BJ the Chicago Kid is a soul slinger. Packing an intensity that hits you hard and gets all over you, he keeps you coming back for more of that feeling. Born Bryan Sledge, BJ sings, writes and arranges with the best of them. Having worked with everyone from Mary J. Blige and Toni Braxton to Anthony Hamilton, Jamie Foxx and Snoop Dogg, he is seasoned.
BJ’s sound is a tangible, physical experience, with his music pricking, prodding and pushing you, pulling you into his space. His album Pineapple Now-Laters, named for his favorite candy as a kid, has been bubbling just under the surface like the boiled down molasses required to make the sticky treat.
Describing his own work as “the simplest but rawest form of art,” this album is clear and uncut from the start. “Pineapple Now-Laters Intro” offers the easy bump of BJ’s take on “Tom’s Diner,” leaking into a gritty preamble painted vividly by Chicago spoken word chieftain Harold Green, III: after Pineapple Now-Laters your taste buds change/this is Skullcandy/sweet nothings in your ear/straight raw/that pure sugar cane/sweet shock… Straight like that.
Popping with classic material, BJ slides us a cover version of “Fair Eastside”, the funky a capella school song performed by Riff in the 1989 cult classic film, Lean On Me.

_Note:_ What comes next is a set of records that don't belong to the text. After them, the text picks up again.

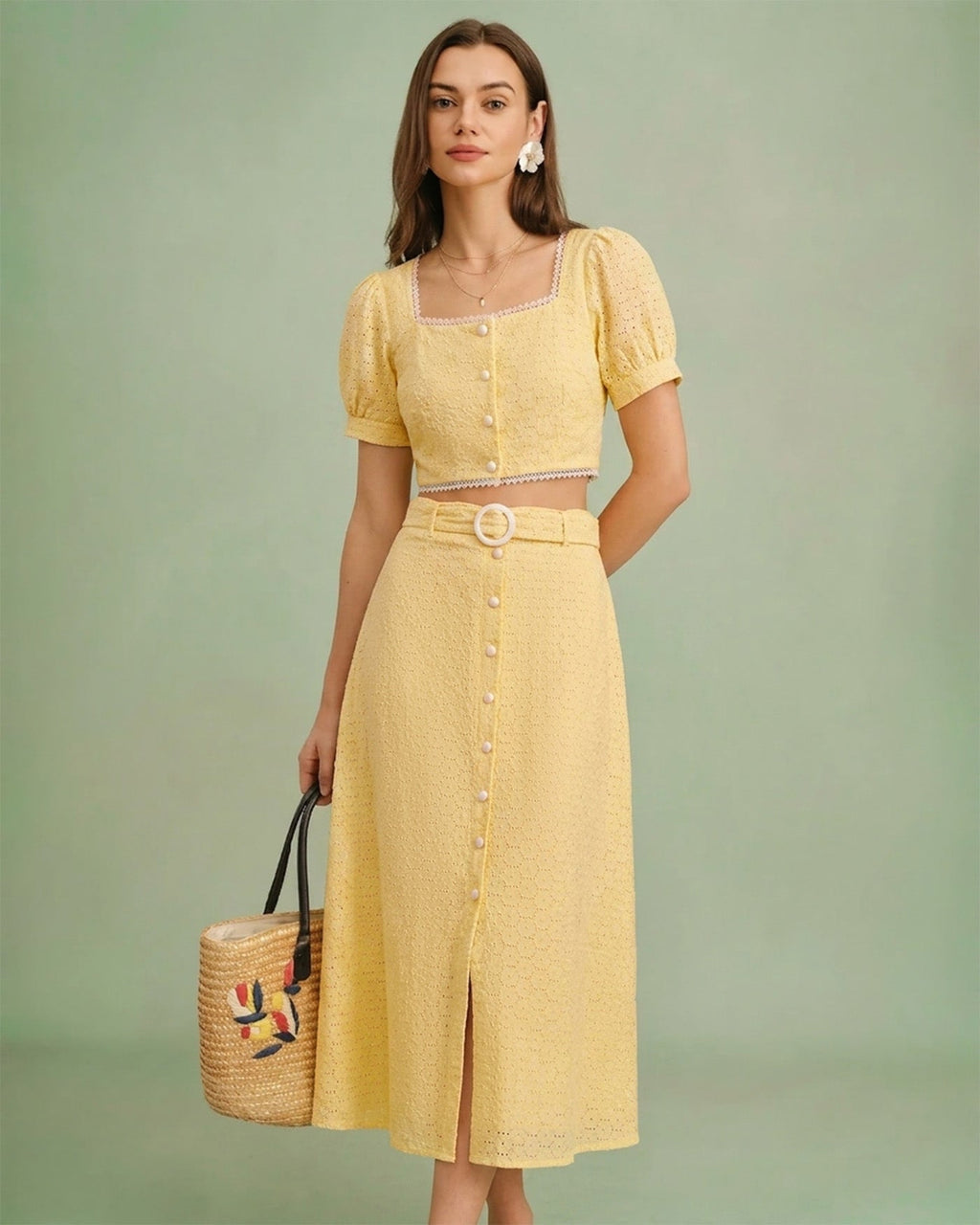 Embroidered Yellow Square Neck Blouse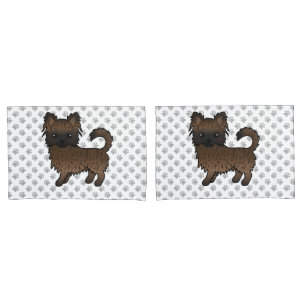 Brindle Long Coat Chihuahua Cartoon Dog & Paws Pillow Case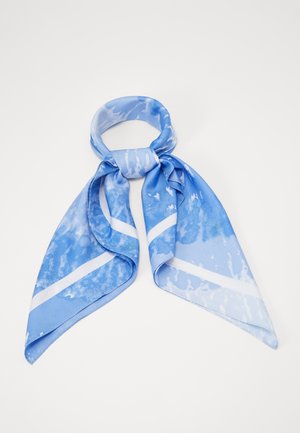 Light blue silk scarf with white diagonal stripes, tied in a loose knot on a white background.
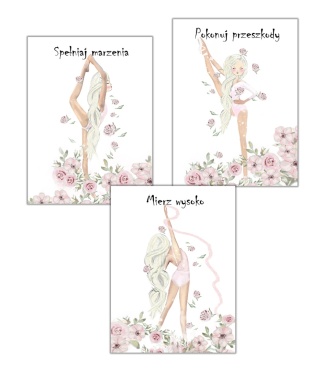 Zestaw 3 plakatów gimnastyczka akrobatka akrobatyka dla dziewczynki nastolatki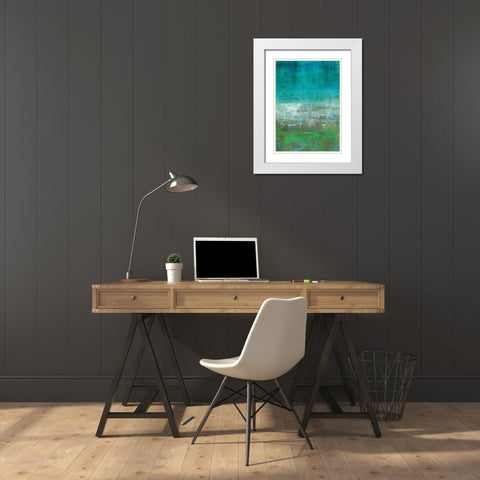 Green Oasis White Modern Wood Framed Art Print with Double Matting by Lehnhardt, Iris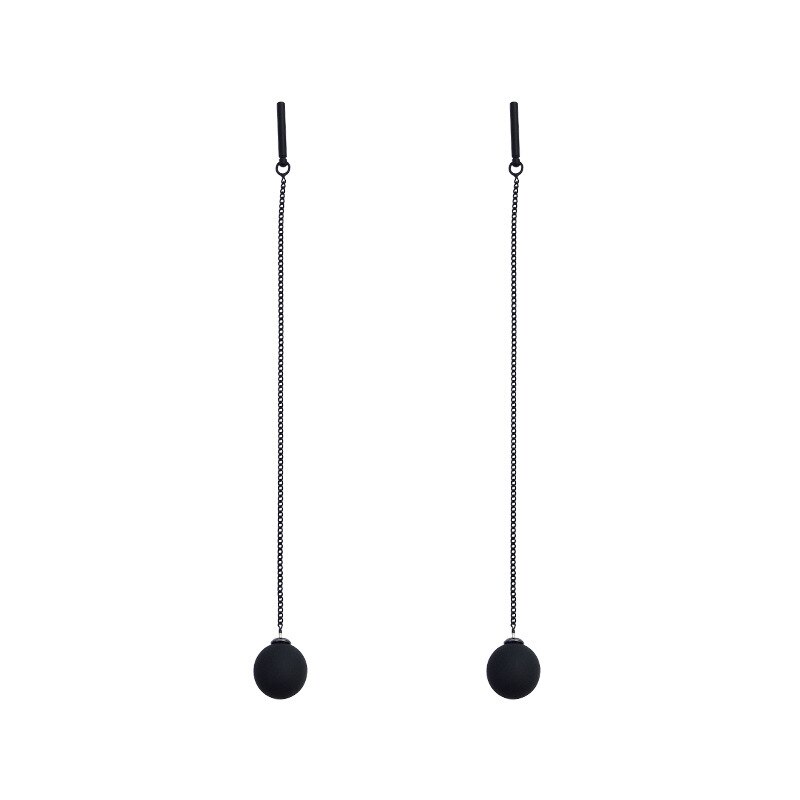 Neue Lange Quasten Ohrring Schwarz Joker Vertraglich Metall Ball Ohrringe Frauen Temperament Schmuck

From there we’re bouncin’, clappin’ and two-steppin’ to the unmistakable “Sex X Money X Sneakers.” Lively and straight to the point, BJ lets us know just what’s up with him.
If you’re still unsure who the Chicago Kid, is check out the peculiarly arranged “King Kong.” With its thumps, synths and fades this track is bursting with brusque confidence. when you hear me kill every song/just say there goes King Kong.
The real tale of Now-Laters is BJ’s undeniable love of the ladies. There’s the super-slick “Fly Girl Get’em,” the writhing bassline of the ultra-sexy “Good Luv’n” where BJ’s voice grazes the track like fingertips on the back of a neck, singing some unsuspecting woman right out of her clothes, and the reverent “Good Love,” an almost religious ode to an intimate experience.
You want to wave your hand and whip out a fan because it’s clear somebody caught the spirit in the dark. If you want the details just listen to the naughty strum of “The Big Payback” or the playful “Lady Lady,” the Prince-inspired “Sex Is the Best Breakfast” (here BJ’s impeccable falsetto slices through all the rules), or what is probably the strongest song on the album, “Aiight.”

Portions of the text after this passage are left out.